I no longer use these and I don't recommend that you do either.

  • logutil.py - send log messages to Twisted logger if present, else Python library logger
  • weakutil.py - allows a bound method's object to be GC'd
  • twistedutil.py - callLater_weakly, a variant of Twisted's callLater which interacts more nicely with weakrefs
  • PickleSaver.py - make all or part of an object persistent, by saving it to disk when it's garbage collected
  • humanreadable.py - an improved version of the builtin repr() function
  • hashexpand.py - cryptographically strong pseudo-random number generator based on SHA256
  • find_exe.py - try different paths in search of an executable
  • dictutil.py - several specialized dict extensions, as well as some convenient functions for working with dicts
  • randutil.py - various ways to get random bytes
  • xor.py - xor two same-length strings together

Thanks to Peter Westlake and Ravi Pinjala for help documenting what these do.



issue tracker


darcs repository


(To get the latest source, run darcs get --lazy http://tahoe-lafs.org/source/pyutil/trunk.)

tests and benchmarks

To run tests: python ./setup.py trial -s pyutil.test.current.

You can also run the tests with the standard pyunit test runner instead of trial, but a couple of the tests will fail due to the absence of Trial's "Skip This Test" feature.
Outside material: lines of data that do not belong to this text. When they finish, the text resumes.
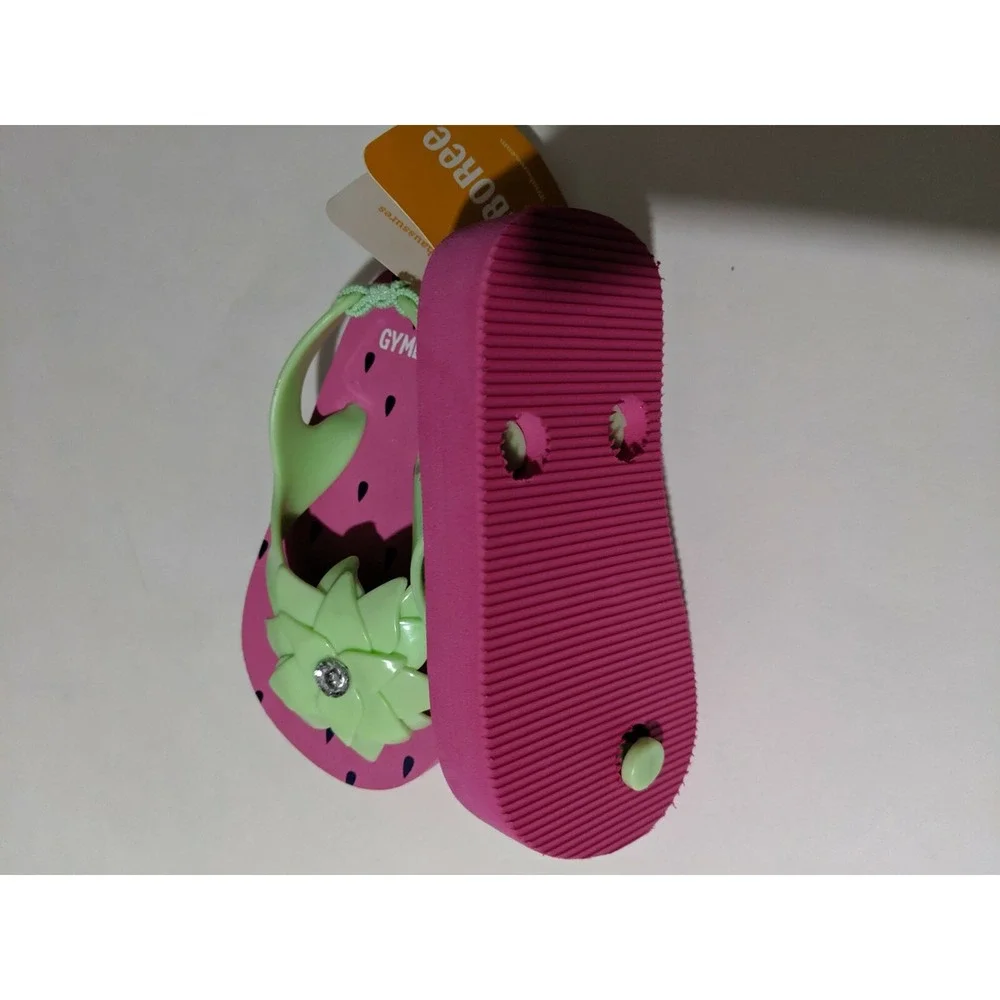 Gymboree Girls Size 5-6 Sandals Pink Green NEW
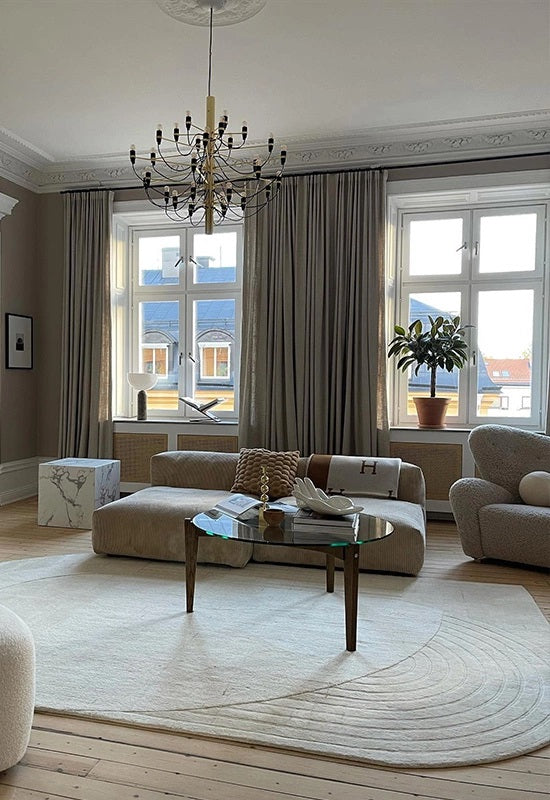Circular Wool Rug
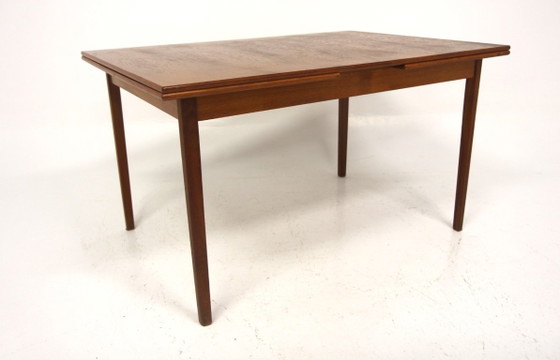 Image 1 of Teak "wrap-around" dining table, Sweden, 1960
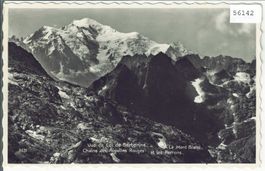 Vue du Col de Barberine - Le Mont Blanc - Chaine des Aiguill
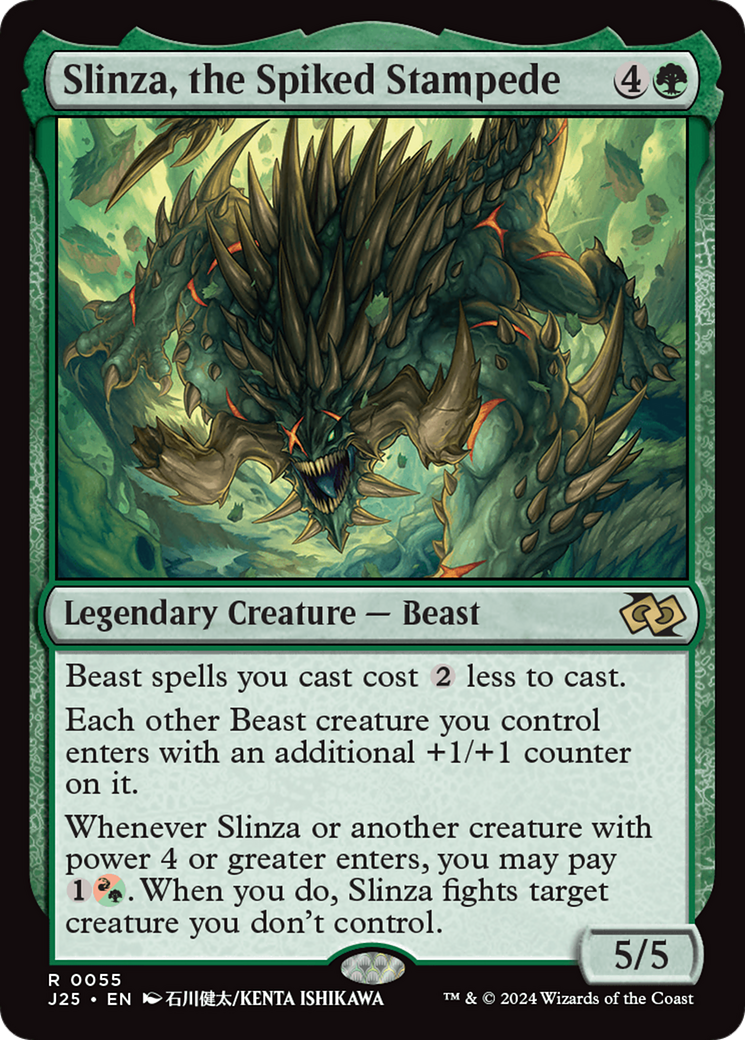 Slinza, the Spiked Stampede [Foundations Jumpstart] | Card Merchant Takapuna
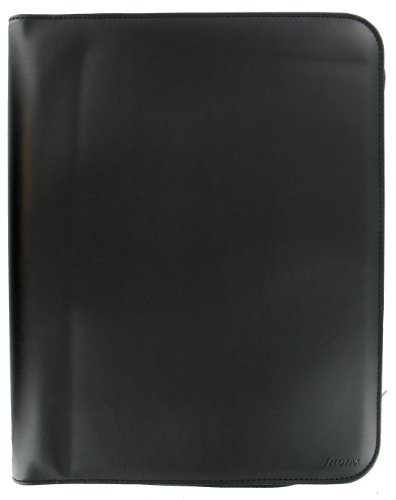 Filofax Metropol - Cartellina Per Documenti, Con Chiusura Lampo, Colore: Nero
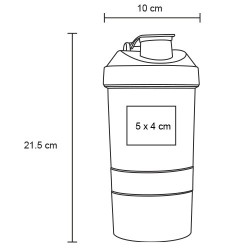 Vaso Mezclador Gym - T 18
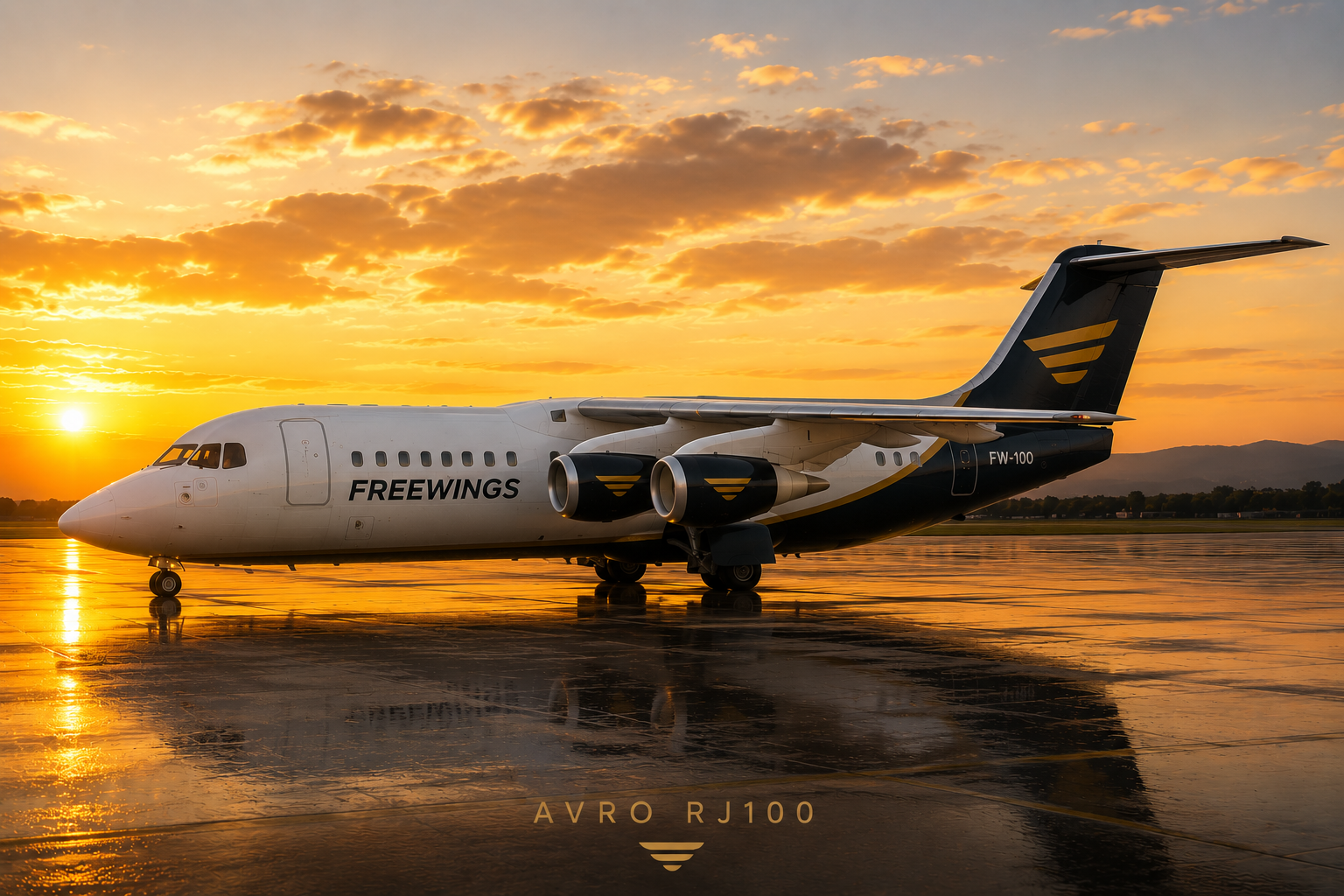 British Aerospace Avro RJ100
You can also run the tests of the out-of-shape and deprecated modules:

python ./setup.py trial -s pyutil.test.out_of_shape

python ./setup.py trial -s pyutil.test.deprecated

Or of all modules:

python ./setup.py trial -s pyutil.test

Some modules have self-benchmarks provided. For example, to benchmark the cache module: python -OOu -c 'from pyutil.test import test_cache; test_cache.quick_bench()'

or for more complete and time-consuming results: python -OOu -c 'from pyutil.test import test_cache; test_cache.slow_bench()'

(The "-O" is important when benchmarking, since cache has extensive self-tests that are optimized out when -O is included.)


You may use this package under the GNU General Public License, version 2 or, at your option, any later version. You may use this package under the Transitive Grace Period Public Licence, version 1.0, or at your option, any later version. (You may choose to use this package under the terms of either licence, at your option.) You may use this package under the Simple Permissive Licence, version 1 or, at your option, any later version. See the file COPYING.GPL for the terms of the GNU General Public License, version 2. See the file COPYING.TGPPL.html for the terms of the Transitive Grace Period Public Licence, version 1.0. See the file COPYING.SPL.txt for the terms of the Simple Permissive Licence, version 1.